1歩損して受ける

上図は、角換わり腰掛銀からの進展で△5五銀左と4四の銀が出た局面。ソフトの評価値+785で先手有利。

対局中は、後手の8筋の歩が伸びていつでも△8七歩成とする筋があり、先手玉は7七とやや流れ弾に当たりやすい位置にいるので先手の模様があまりよくないかと思っていたのですが、先手有利は気がつきませんでした。

次に後手から△8七歩成▲同金△6六銀▲同玉△8七飛成の筋があるので先手はどこかで8筋を受ける形ですが、本譜はあまりよくなかったようです。

本譜は△5五銀左以下▲8五歩△6六銀▲同玉で、ソフトの評価値+48で互角。

この手順は△8七歩成の筋を▲8五歩として受けたのですが、普通の受けで以下△6六銀▲同玉となると後手もすっきりした形なので互角になったようです。

先手玉は4段玉で広いという意味はありますが、やや不安定なのであまり強い戦いができません。

やはり△6六銀▲同玉とした手順があまりよくないようです。

▲8五歩では▲5五同銀左がありました。

▲5五同銀左△同銀▲8三歩△同飛▲8五歩で、ソフトの評価値+614で先手有利。

この手順は、▲5五同銀左に△同銀とさせたときに▲8三歩と打ち捨てて△同飛とさせてから▲8五歩と打つ手です。

先手は▲8三歩と1歩を捨てて▲8五歩としたときに歩切れになるので少し指しづらいところはありますが、次に▲7二角が狙いです。

▲8五歩に△6六銀打なら▲8六玉△8二飛▲4二銀で、ソフトの評価値+1302で先手優勢。

この手順は、△6六銀打として銀を拠点とする手で以下△8二飛と飛車の位置を変えて辛抱する展開ですが、▲4二銀が何気に厳しい手です。

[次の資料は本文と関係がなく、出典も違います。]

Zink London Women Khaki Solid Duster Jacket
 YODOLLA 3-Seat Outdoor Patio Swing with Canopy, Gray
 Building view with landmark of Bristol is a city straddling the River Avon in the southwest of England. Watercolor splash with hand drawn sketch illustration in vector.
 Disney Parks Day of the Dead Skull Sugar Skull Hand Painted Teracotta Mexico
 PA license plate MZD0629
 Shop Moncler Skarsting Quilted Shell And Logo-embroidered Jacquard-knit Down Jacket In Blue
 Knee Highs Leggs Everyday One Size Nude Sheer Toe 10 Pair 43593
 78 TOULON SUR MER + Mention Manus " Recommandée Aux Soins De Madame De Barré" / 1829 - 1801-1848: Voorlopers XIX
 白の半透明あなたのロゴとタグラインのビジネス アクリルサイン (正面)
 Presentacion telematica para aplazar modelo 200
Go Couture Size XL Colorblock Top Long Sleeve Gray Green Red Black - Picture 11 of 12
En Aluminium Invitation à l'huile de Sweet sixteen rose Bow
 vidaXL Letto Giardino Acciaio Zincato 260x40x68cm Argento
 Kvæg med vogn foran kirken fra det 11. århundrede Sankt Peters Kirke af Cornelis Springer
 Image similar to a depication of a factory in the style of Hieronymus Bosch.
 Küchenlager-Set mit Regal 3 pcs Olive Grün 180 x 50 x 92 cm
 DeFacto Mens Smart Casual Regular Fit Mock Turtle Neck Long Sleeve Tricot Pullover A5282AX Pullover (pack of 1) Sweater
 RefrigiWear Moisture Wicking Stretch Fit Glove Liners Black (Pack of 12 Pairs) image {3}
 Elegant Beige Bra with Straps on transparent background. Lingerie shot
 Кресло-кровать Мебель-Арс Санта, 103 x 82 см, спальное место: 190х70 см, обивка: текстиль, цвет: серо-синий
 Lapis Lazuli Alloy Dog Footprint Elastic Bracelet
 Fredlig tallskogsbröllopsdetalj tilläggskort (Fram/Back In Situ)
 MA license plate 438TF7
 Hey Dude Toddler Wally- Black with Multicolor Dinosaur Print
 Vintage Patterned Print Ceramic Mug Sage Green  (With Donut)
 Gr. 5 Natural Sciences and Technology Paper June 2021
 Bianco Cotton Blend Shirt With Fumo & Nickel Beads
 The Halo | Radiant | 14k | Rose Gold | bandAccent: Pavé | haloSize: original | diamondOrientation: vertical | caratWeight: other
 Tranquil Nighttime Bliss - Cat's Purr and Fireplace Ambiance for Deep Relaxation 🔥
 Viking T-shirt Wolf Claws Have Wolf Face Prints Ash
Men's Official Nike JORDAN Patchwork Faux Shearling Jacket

▲4二銀に△同金▲同歩成に△同玉なら▲2四飛で、▲同歩成に△同飛なら▲4三歩から▲5二角のような筋です。

▲4二銀に△2二玉も▲4一角が厳しいです。

このような展開になると意外と先手玉はしっかりしており、4三の歩が攻めの拠点に役立っているようです。

1歩損して受けるのが参考になった1局でした。